昨日、ゲンロンカフェで行われた「上田久美子 聞き手=上田洋子 上田久美子の The 舞台の哲学──すべては宝塚からはじまった? 」最高でした。こんな感じのことをお話されていたと思います。

フリーの演出家になって、なんで皆さんやっていけるんだろうと思っていたが、実家が太いのが演劇界だと分かった。そういえば、昔の文学者も高等遊民みたいな人ばかり。
実家は奈良の柿農家(星逢の「せん」かよw)
京大出て東京でサラリーマン生活。配属されたのは人事部で、能力主義に基づく考課をやらされてヤになる。
宝塚の入団試験では、美文調の文章を提出して目立とうと思った。三島由紀夫、太宰治、柴田侑宏などの作品を簡単に真似してコピーできる能力はあると思っている。柴田先生風の台詞なんかも簡単に書ける。
他は「握力」試験ぐらいで、なぜ演出助手で握力検査があるのか分からなかったが、昔から握力は強かったので、自分では握力で受かったと思っている。
宝塚の舞台も昔は良い加減で、後で予定がある時などはチャッチャと済ませることができていたが、今はそうした手抜きはできなくなっている。また、昔は全場面でセットが組まれていて、採算なんて度外視だったと聞いた。今のような表裏を使うような効率的なセットのつくりはエリザから。
宝塚の場合、お手洗いの時間が厳格なので、1時間半の芝居と1時間のショーという構成になっている。芝居では、カッコよく見せたい時間が欲しいので子役の場面は不必要だと言われている。
『星逢一夜』はもうひとつの洋物と合わせて2案のうちどちらかということで提出した。公演予定の時期は夏。ほかの演劇でもニッパチは客が入らず、人気の出ない和物は夏の公演では宝塚でもタブーだった。雪組のプロデューサーも洋物だろうと言っていたが、最終的に作品を決める会議で、当時の小林公一理事長が「初の大劇場作品だし、本人がやりたがっているなら和物でいいんじゃないか」ということで『星逢』に決まったとプロデューサーが驚いたと言っていた。

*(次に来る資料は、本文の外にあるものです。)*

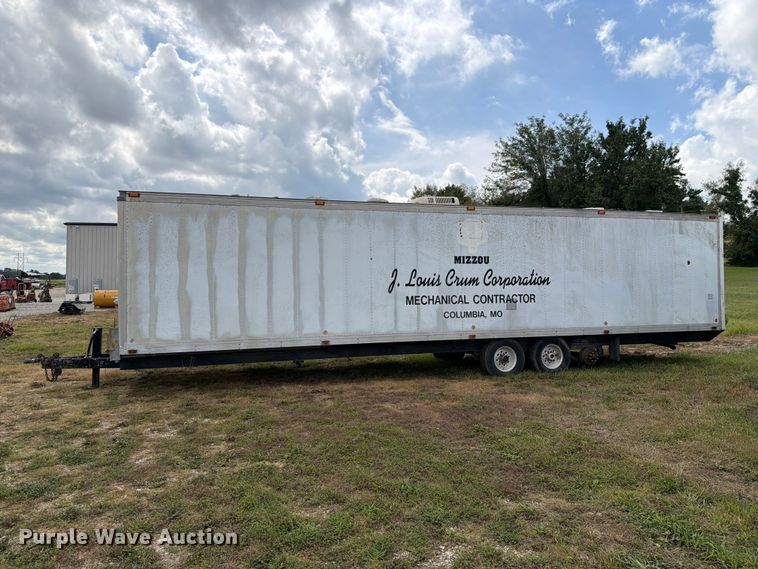 image for item DZ4823 1988 Star Mobile office trailer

昔は、こうした義理人情もあったが、100周年ぐらいから、劇団内では儲けようという意識が高まっていった。団体客を入れて回転率を上げたりして、空席をなくしていったが、同時に余裕がなくなっていったと思う。

宝塚の改革では、入団年齢をOSKみたいに23才まで段階的にあげたらどうか、と劇団にも直言した。今の中3から高3までの4回受験と決まったのは70年以上も前のことで、それから変わっていない。しかし、この間、女性の社会進出も進み、結婚年齢なども上がった。そうした中、子供の頃から宝塚受験を準備して、社会経験がほとんどない中で、独特な集団生活に入れられ、それが音楽学校以降も続く。ある生徒さんも「入ってから、この世界には向いてないと分かったけど、中卒で社会人経験もないのでは、外で全く評価されない。やめたくてもやめられない」と言っていた。例えば、合格しても大学を卒業してから入団できるような制度を導入したらどうか。

実験的な演劇をやっているが、今はとにかく「生きている実感」を感じている。

ぼくが観てきた演劇界では蜷川、つか並みの才能と、世界を乗っ取るんじゃないかと思う大きさを感じる演出家だから、これからも応援していこうと思い、さっそくNOTEの会員になりました。